__DATA FOR PROCESSING__:
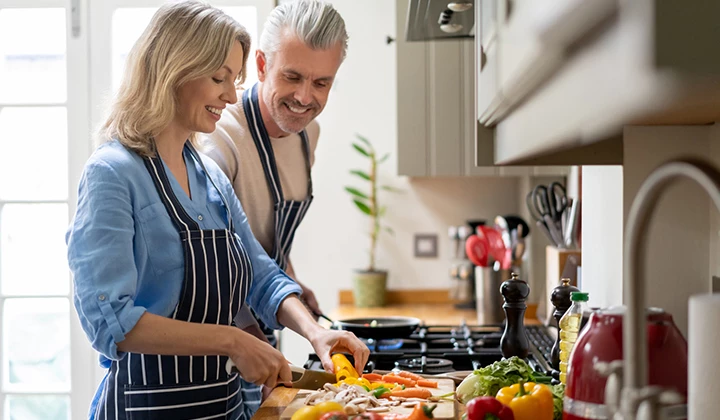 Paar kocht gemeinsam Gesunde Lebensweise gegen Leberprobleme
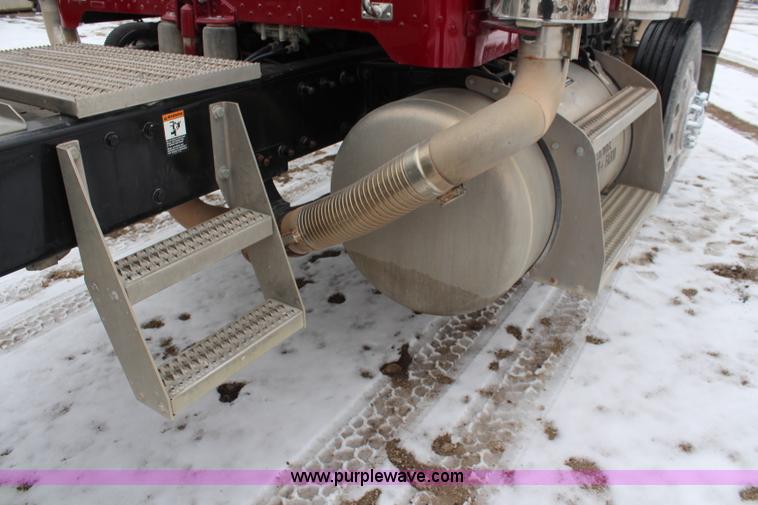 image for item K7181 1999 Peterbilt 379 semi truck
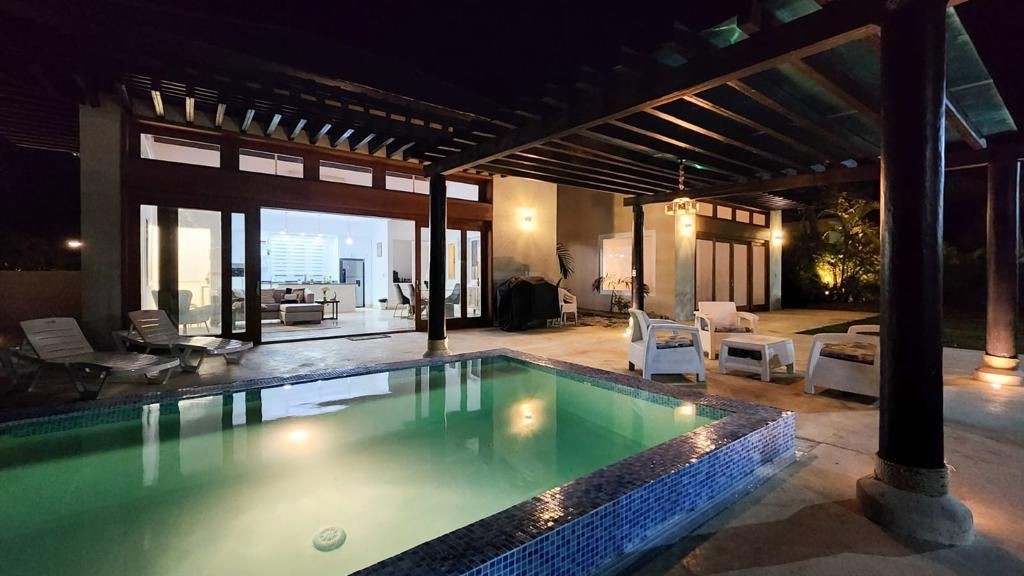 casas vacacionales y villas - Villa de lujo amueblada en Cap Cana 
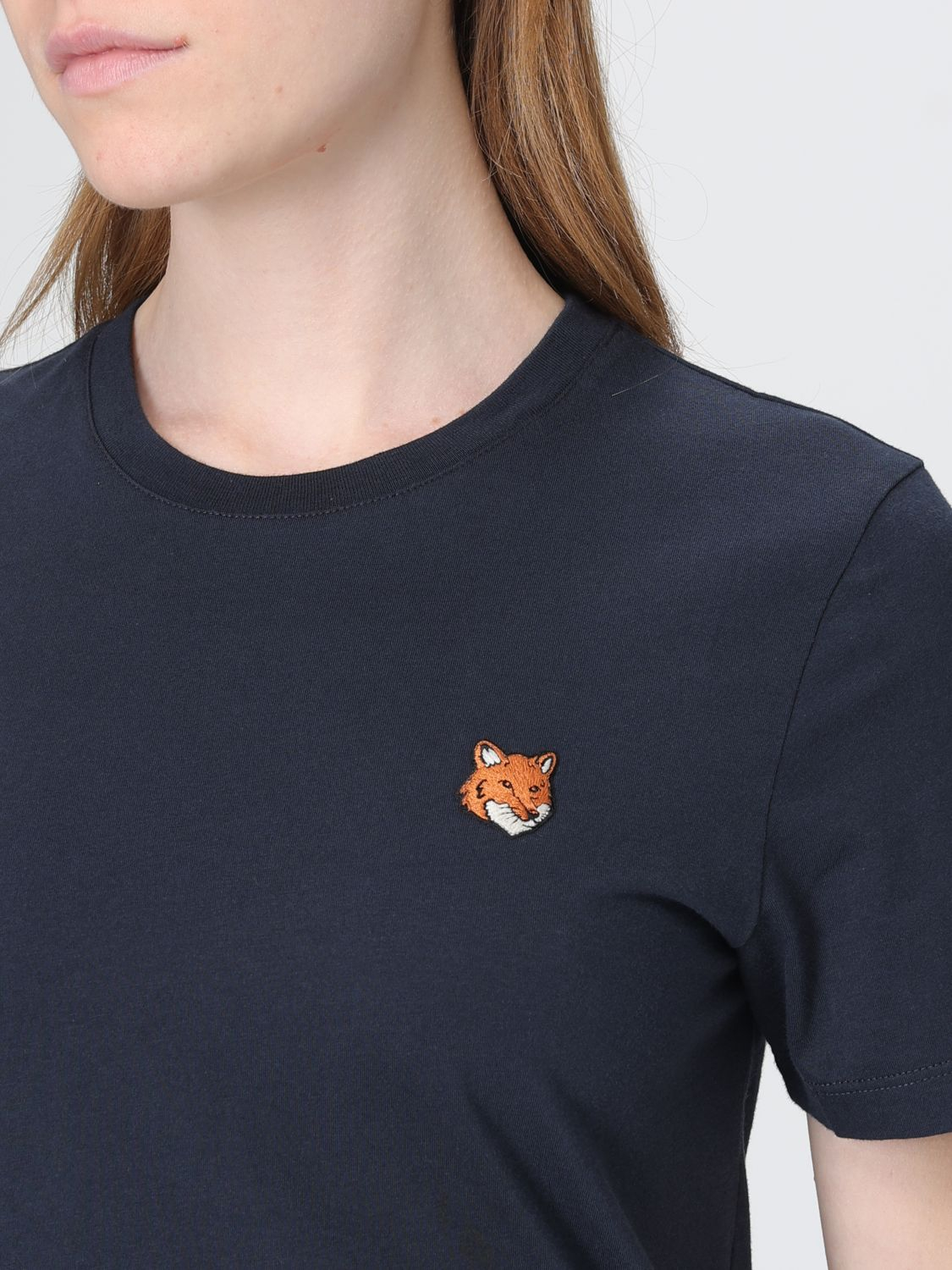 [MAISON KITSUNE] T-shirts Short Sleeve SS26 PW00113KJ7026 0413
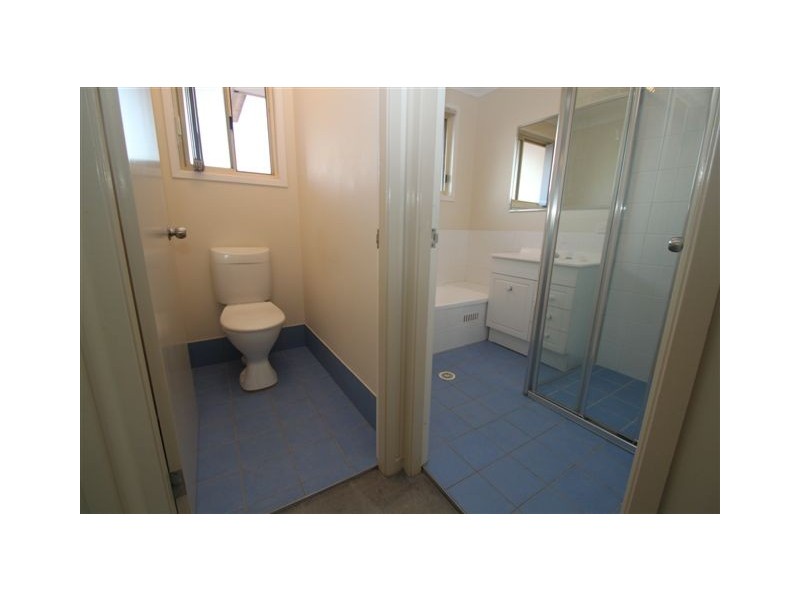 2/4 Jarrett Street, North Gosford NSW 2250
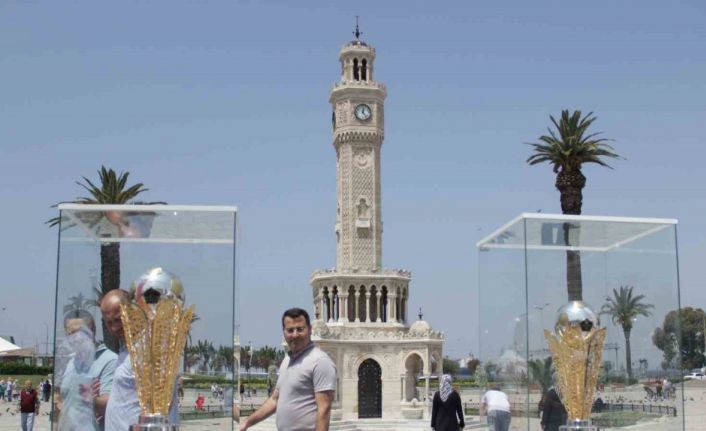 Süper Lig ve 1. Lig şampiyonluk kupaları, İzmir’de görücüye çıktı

__ABOUT THIS TASK__: Reproduce the listing word for word. Do not carry over the pictures.

__PROBLEM SOLUTION__:
 Paar kocht gemeinsam Gesunde Lebensweise gegen Leberprobleme
 image for item K7181 1999 Peterbilt 379 semi truck
 casas vacacionales y villas - Villa de lujo amueblada en Cap Cana 
 [MAISON KITSUNE] T-shirts Short Sleeve SS26 PW00113KJ7026 0413
 2/4 Jarrett Street, North Gosford NSW 2250
 Süper Lig ve 1. Lig şampiyonluk kupaları, İzmir’de görücüye çıktı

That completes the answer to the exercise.